In re Cox

Decision Date03 September 2008
Docket NumberNo. 07-21407.,07-21407.
Citation393 B.R. 681
PartiesIn re Lonnie Dale COX and Dena Gay Cox, Debtors.
CourtU.S. Bankruptcy Court — Western District of Missouri

Harry D. Boul, Shelley L. Forrest, Boul & Associates, P.C., Columbia, MO, for Debtors.

MEMORANDUM OPINION

DENNIS R. DOW, Bankruptcy Judge.

This matter is before the Court on the motion of the Chapter 13 Trustee to deny confirmation of the Debtors' Chapter 13 plan. The trustee has objected to the plan on the grounds that it fails to comply with § 1325(b) in that Debtors' plan does not propose to pay to unsecured creditors the amount required by § 1325(b) as reflected on Debtors' Form 22C. Debtors respond that they are proposing to pay to their unsecured creditors as much as they can afford, as reflected by their schedules of income and expenses, and denial of plan confirmation under the circumstances would violate the equal protection requirement of the due process clause of the Fifth Amendment to the United States Constitution. This is a core proceeding, pursuant to 28 U.S.C. § 157(b)(2)(L) over which this Court has jurisdiction pursuant to 28 U.S.C. §§ 1334(b), 157(a) and (b)(1). The following constitutes my Findings of Fact and Conclusions of Law in accordance with Rules 7052 and 9014(c) of the Federal Rules of Bankruptcy Procedure. For the reasons set forth below, the Court overrules the Debtors' objection to the trustee's motion and sustains the trustee's objection to confirmation.

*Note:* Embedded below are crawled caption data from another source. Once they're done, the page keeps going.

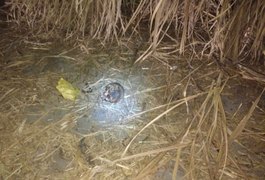 Crânio humano é achado às margens da Rodovia AL-220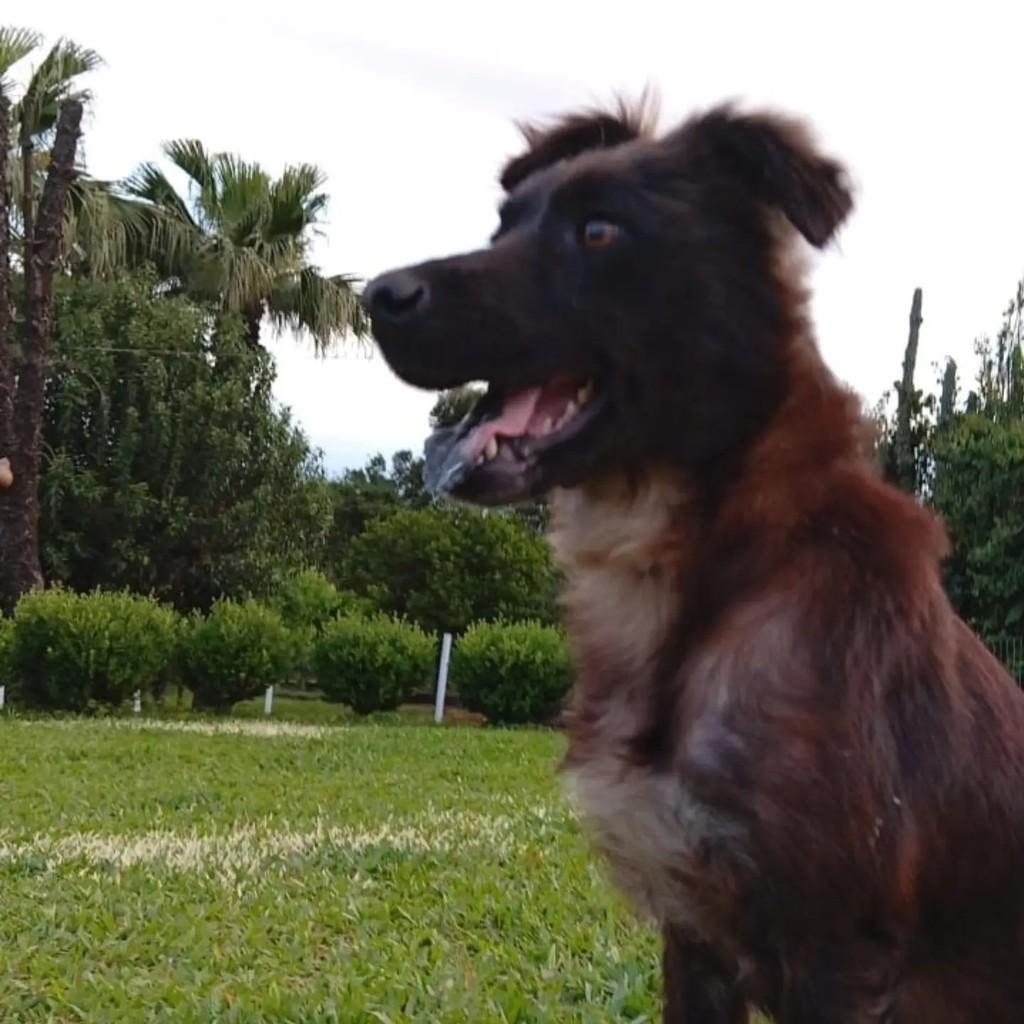 Sky, cadela de porte grande para adoção em Pinhalzinho - SC — foto 5 de 5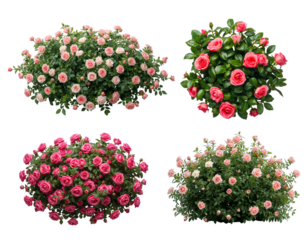 A beautiful bush of garden pink roses isolated on a transparent background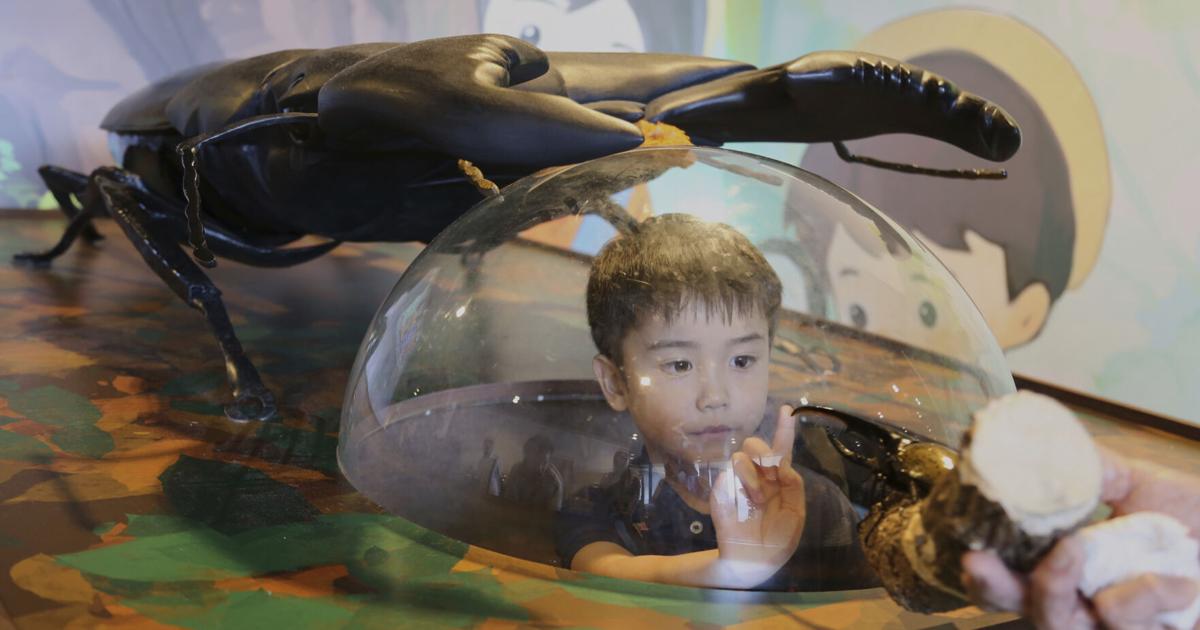 Decatur Bugs Bugs are popular pets in nature-loving Japan, buzzing with lessons ...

I. FACTUAL AND PROCEDURAL BACKGROUND

Debtors originally filed a petition for relief under Chapter 7 of the Bankruptcy Code on September 13, 2007. On November 20, 2007, the United States Trustee filed a statement suggesting that the filing was an abuse of the provisions of the Bankruptcy Code and on November 29, 2007, filed a motion to dismiss the case pursuant to 11 U.S.C. § 707(b). Thereafter, the Debtors filed a motion to convert the case to a proceeding under Chapter 13, which this Court granted on January 25, 2008. The Debtors then filed a Chapter 13 plan and conversion schedules. On their Schedule I, Debtors show income of $4,774.30. Schedule J lists expenses of $4,652.07, leaving net monthly income of $122.23. Debtors have filed a plan in which they propose to pay that sum to the trustee for a period of 55 months. According to the plan, unsecured creditors will receive whatever is left over after the required payments to secured creditors and priority claimants. Debtors also filed a Statement of Current Monthly Income and Calculation of Commitment Period and Disposable Income, Official Form 22C. According to that form, their current monthly income is $7,500.90. Because, when annualized, that figure equates to an income of $90,010.80, which is in excess of the $72,800.00 median income in the state of Missouri for a family of similar size, Debtors completed the remaining portion of Form 22C showing deductions of $6,597.98. Debtors' disposable income is thus $902.92.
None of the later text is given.